One of the things I love about jazz is the way the musicians interact with one another. They feel where the music is going and work their way along, each listening to the others as the music goes from dissonance to dissonance, sometimes reaching resolution, but not always.

We were down in Ohio seeing Bethany's grandmother, who is not doing well. Earlier that morning, I heard that my grandmother's health issues are also continuing. I knew our monthly vestry meeting was only a few days away, and while we are blessed in my parish by a wonderfully healthy and good vestry, any priest will likely tell you that vestry meetings are significant work.

All of these thought swirled through my head as the music played on. The emotions and stresses mixing as the guitar danced over the top of the base line. And yet, anytime my thoughts began to descend deeply into the ponderings of these past days, the music kept grabbing me, pulling me in, inventing me to slip between the chords and find something, something tenuous and hard to grasp.

I don't know what was there, beckoning me. But as I thought about the pain of watching those I love inexorably age, day by day... as my mind turned over the work ahead in my life as a priest... in the midst of all of this, the music would not be ignored.

There was a book that was quite popular in evangelical circles several years ago called Blue Like Jazz, by Donald Miller. It came out in 2003, I heard the buzz, read some of the first few pages, and bought it. I only actually read the book through for the first time a couple of months ago.

I've never been terribly good at being hip.

But there's this great line at the very beginning,
I never liked jazz music because jazz music doesn’t resolve. But I was outside the Bagdad Theater in Portland one night when I saw a man playing a saxophone. I stood there for fifteen minutes, and he never opened his eyes.

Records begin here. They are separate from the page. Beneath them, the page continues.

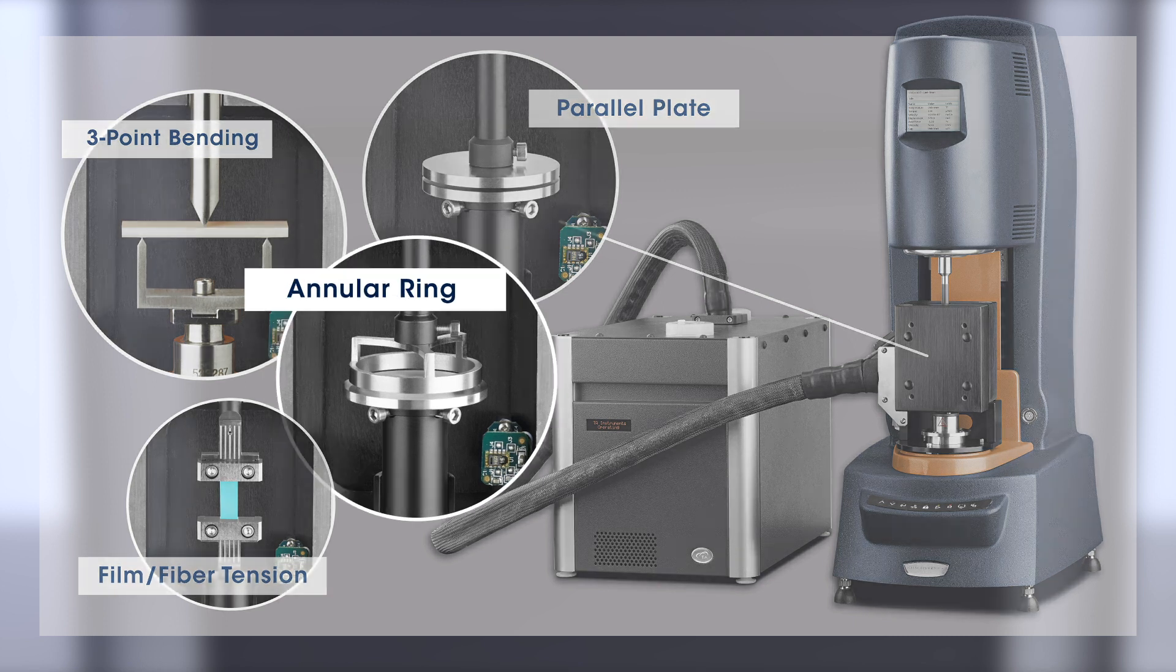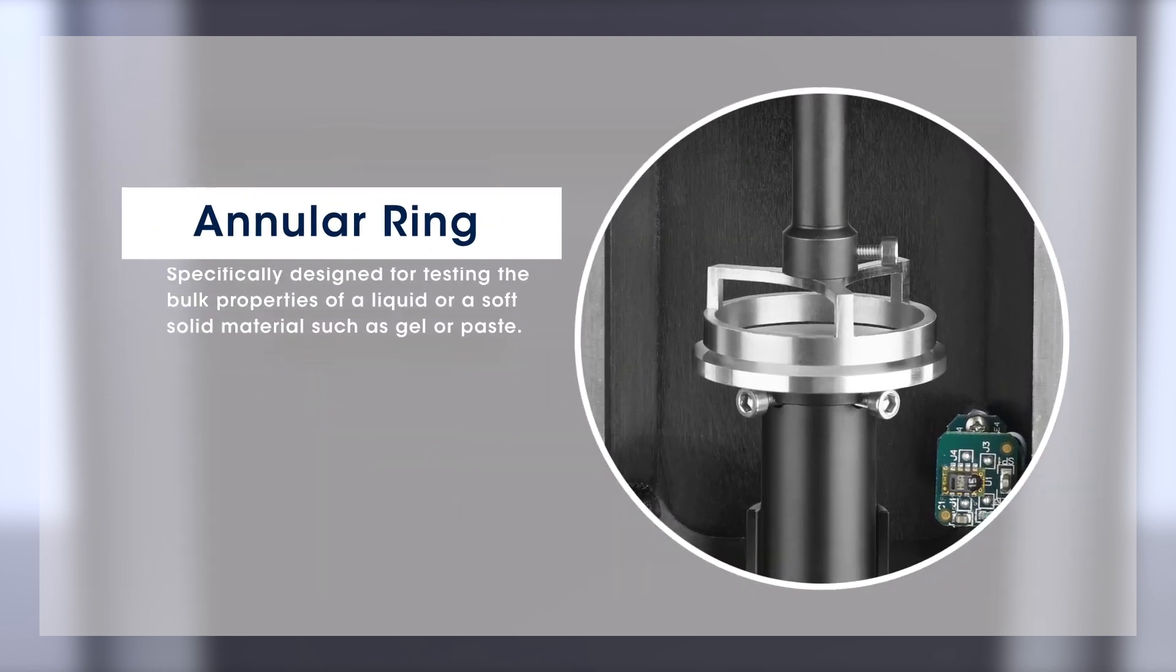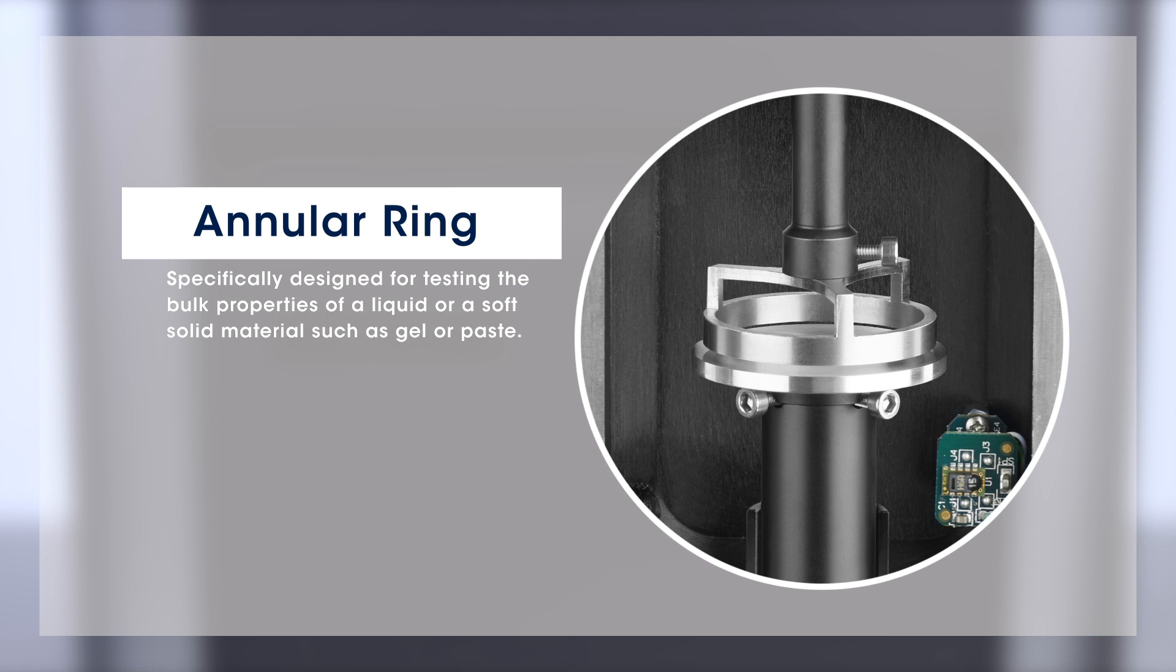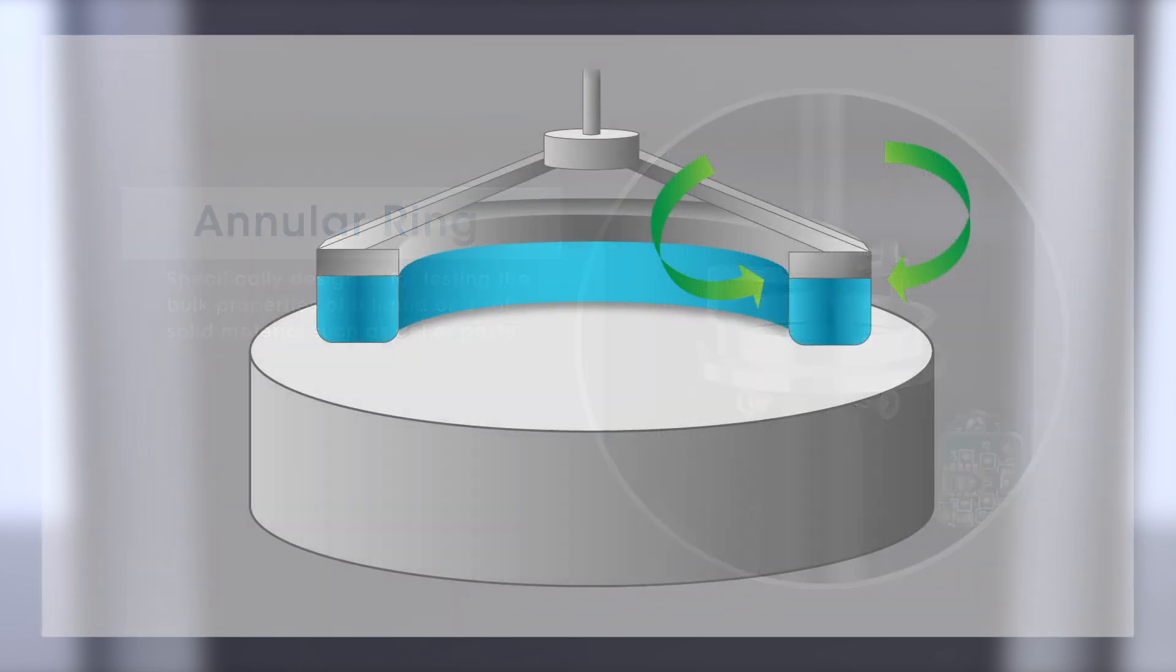Among them, the annular ring geometry is specifically designed for testing the bulk properties of a liquid or a soft solid material, such as a gel or paste. This ring design allows humid air to easily diffuse from both sides of the sample.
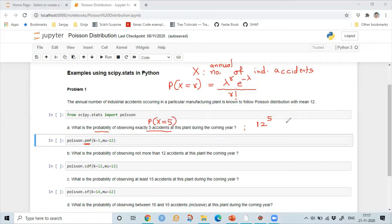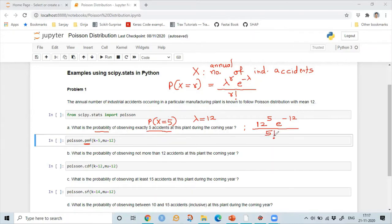Since lambda is equal to 12, we will use the PMF function with K equal to 5 and mu equal to 12, and we will get the answer.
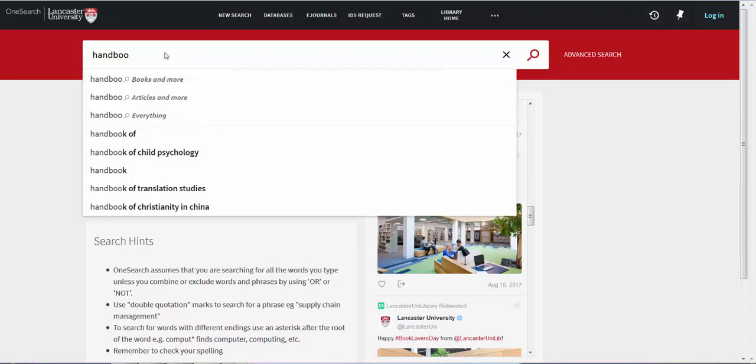If you choose Books and More, you will be searching the titles and authors of books and e-books and the title information of journals and databases. If you choose Articles and More, you will be searching the content of e-journals and databases. And if you choose Everything, you will be searching all content.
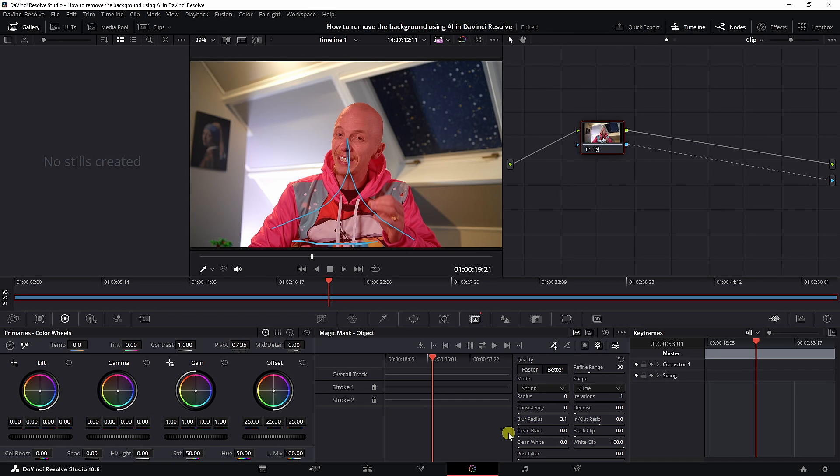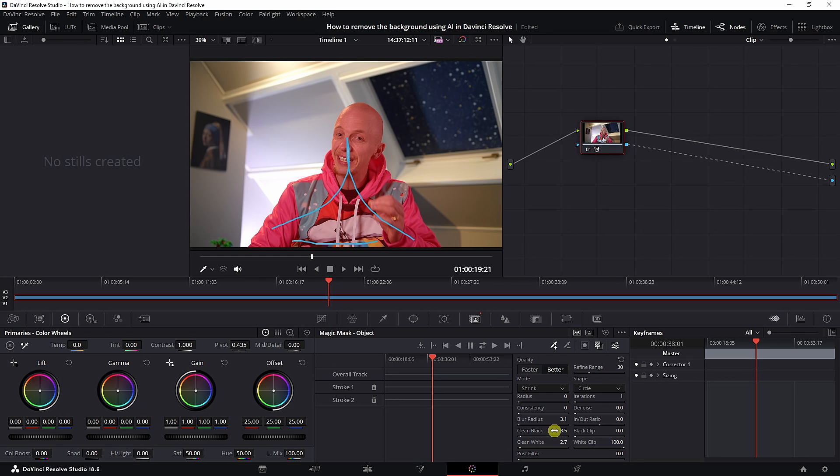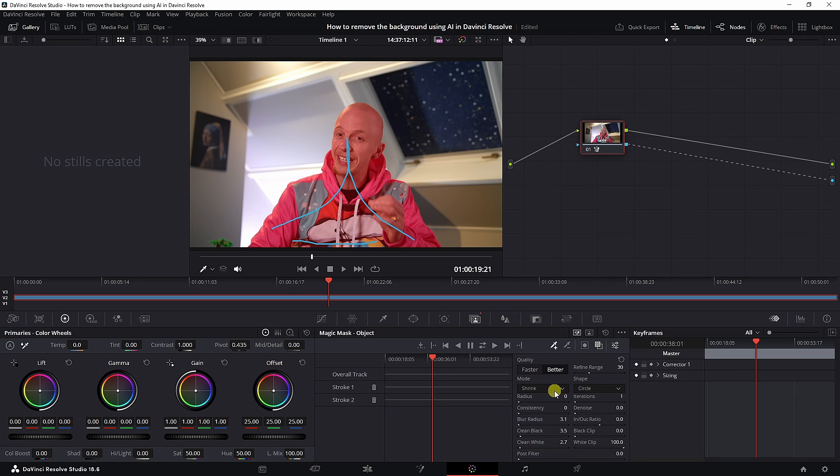Also make sure you tweak some settings like blur ratios, clean black, and clean white. Clean white makes the edges a little bit more soft, and clean black will bring them in a little bit, which will refine the mask and make it seem more natural.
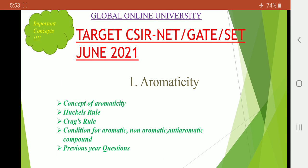Hello everyone, welcome to Global Online University. From today we are going to discuss some important concepts regarding CSIR-NET, GATE, and SET examination. Our target is to qualify June 2021. Today's topic is aromaticity. In this topic we are going to discuss the concept of aromaticity, Hückel's rule, Craig's rule, conditions for aromatic, non-aromatic, and anti-aromatic compounds, and some previous year questions.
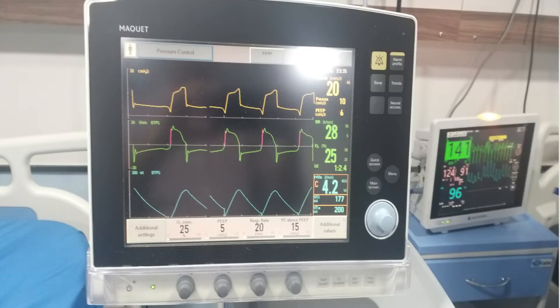Many ventilators have graphical presentation of various patient-ventilator interactions, which help you gauge the situation in a better way. At times you can detect many clinical problems prior to clinical deterioration — be it a leak or other issues — just by looking at the ventilator graphics.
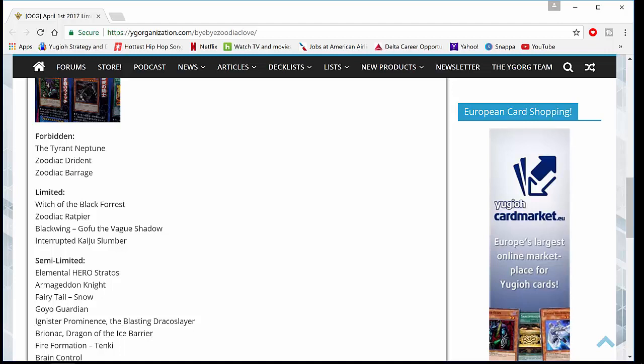So yeah, let me know what you guys think about the OCG ban list. I think it's insane. It's literally insane. They killed Zoo and brought Stratos back to 2. That's ridiculous. So yeah, let me know what you guys think. And I'll see you guys next video. Thank you for watching.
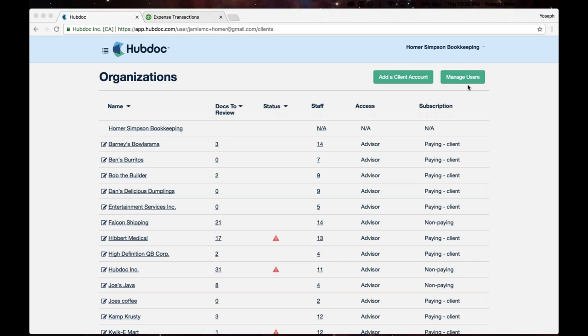Just as I go into this demo, what we're looking at here is the HubDoc partner portal. In the top right-hand corner here, I'm actually Homer Simpson Bookkeeping.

After that I liked jazz music.

Sometimes you have to watch somebody love something before you can love it yourself. It is as if they are showing you the way.

I used to not like God because God didn’t resolve. But that was before any of this happened.
I promise you, I did read the whole book, but I don't think anything else in that book came close to the poignant truth in those few paragraphs. Don't get me wrong, I still think it's a good book. It's just that those paragraphs have haunted my theological memory for the past several years since I first bought the book after having read them.

We spend so much of our lives aching for resolution. We want things to be whole and good and permanent. We don't want to lose people, for them so slip off the map of our lives. We want consistency to our daily life, not the constant up and down and change that is so often its actual shape. We want things to do more than just be, we want them to remain.

I wonder what it means to say that God doesn't resolve. I wonder if the beatific vision, if the theosis we are all undergoing, if it winds up leaving us in some place where we don't reach stasis, but instead, where we grow in love enough to finally embrace change and growth, to finally be content with no resolution just a continuing journey.

These are the sorts of thoughts that are easy to have when you're drinking good wine and listening to good jazz. They're much harder in the bright light of day when life surrounds you.

So I think I'll turn some jazz on. I want to hear what I heard that night, in between the notes and the chords, somewhere next to the dissonance of a diminished ninth, reaching out and inviting me. Maybe when the Holy Spirit isn't at church, she hangs out in jazz music, inviting people to love and live differently. If the Spirit is hanging out there, what words of wisdom might be spoken? What words of grace might I hear?

1 comment:

  1. Jared,
    This is a very moving article and I certainly related to it. You are so wise at an early age.
    Wish I knew all this earlier and perhaps I wouldn't have tried to resolve so much and just enjoyed the process and the journey. Oh well, it is never too late and I feel I am there at last!